With CHARLIE HARPER
When voters went to cast their ballots in the Democratic presidential primary election on this week’s Super Tuesday, there were 14 names on the ballot in several states including Virginia. But only five actual candidates were still in the race. Such is the frenetic, chaotic nature of Democratic politics in this renewed era of Anyone But Trump.
When Joe Biden won the South Carolina primary race last weekend with a preponderance of the black vote, it was the first presidential primary election he had ever won, despite this being his third attempt to secure his party’s nomination for the White House.
But that South Carolina win, regarded as Biden’s last, best hope to get his campaign untracked, produced amazingly quick results. Within days, Pete Buttigieg and Amy Klobuchar had both left the race and endorsed Biden. Even forgotten Beto O’Rourke, the former El Paso, Texas congressman, chimed in with his endorsement.
All this activity put on a platter for Republican conspiracy theorists the notion that the Democratic Party and its ruling elites have banded together to deny maverick Bernie Sanders their nomination this year. Whether this notion is true or not, it certainly can seem plausible.
Few experienced observers expect Sanders could mount a serious or successful challenge to Trump unless the American economy falls apart in the next six months. That’s always possible, but with the US central bank intervening to lower interest rates in the wake of the recent stock market sell-off, the chances of a full-blown recession receded somewhat.
So what happened on Super Tuesday?
Biden, buoyed by endorsements by his erstwhile rivals, was a big, broad winner. He prevailed over Sanders in Texas, Virginia, North Carolina, Massachusetts, Minnesota, Alabama, Oklahoma, Arkansas, Tennessee and (probably) Maine. Sanders won in California, Vermont, Utah and Colorado. Bloomberg got some delegates, but not momentum and yesterday announced his campaign was over leaving Warren to wonder whether it’s time she threw in the towel as well.

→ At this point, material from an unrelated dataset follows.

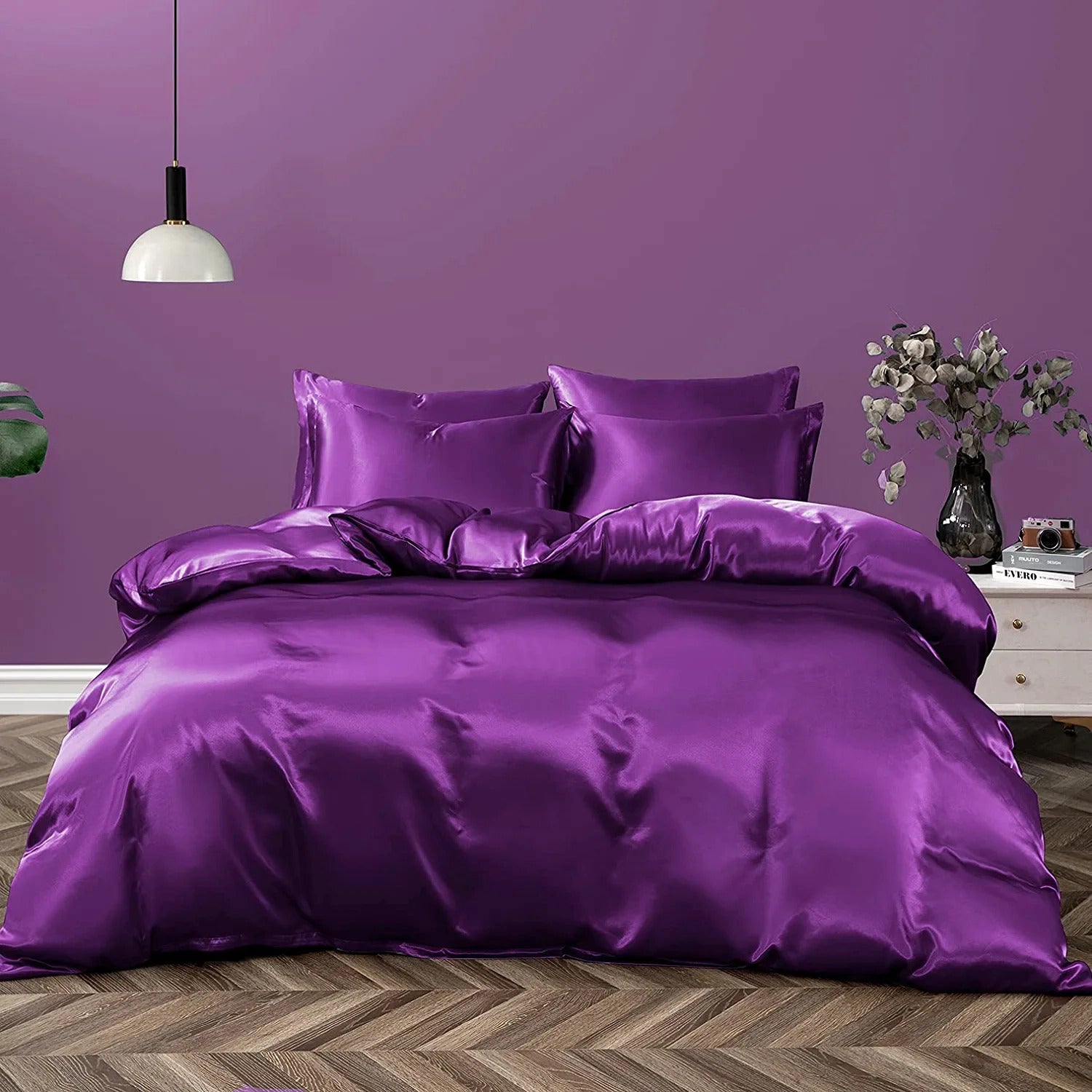 2 x Luxury Silk Satin Bedding Pillowcases Pillow Cases (Purple) - grandhubs.shop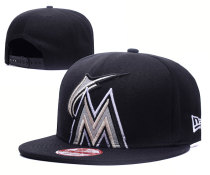 MLB Miami Marlins Black Snapback Hats---GS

Life after betraying the president
While American pundits, politicians and commentators got all excited about Tuesday’s polls, lost in all the furore was the curious case of Jeff Sessions.
This mild-looking but doggedly conservative politician from Alabama has become one of the most important case studies in the phenomenon now increasingly known as the Cult of Trump.
On Tuesday Sessions was in the highly unusual position of running for the Republican nomination for his own former seat in the US Senate - representing Alabama. He held the post from 1997-2016, when he left the Senate to serve as Trump’s first Attorney General.
The basic rule of the Cult of Trump is that the principal qualification for finding favour with the current US President is unfailing fealty to him, and/or donating to him directly or through his hotels and other properties. In the increasingly rarefied and isolated atmosphere of American politics at the congressional level and above, where senators and the president are routinely surrounded by an echo chamber of sycophants and yes-people, this is not altogether unusual.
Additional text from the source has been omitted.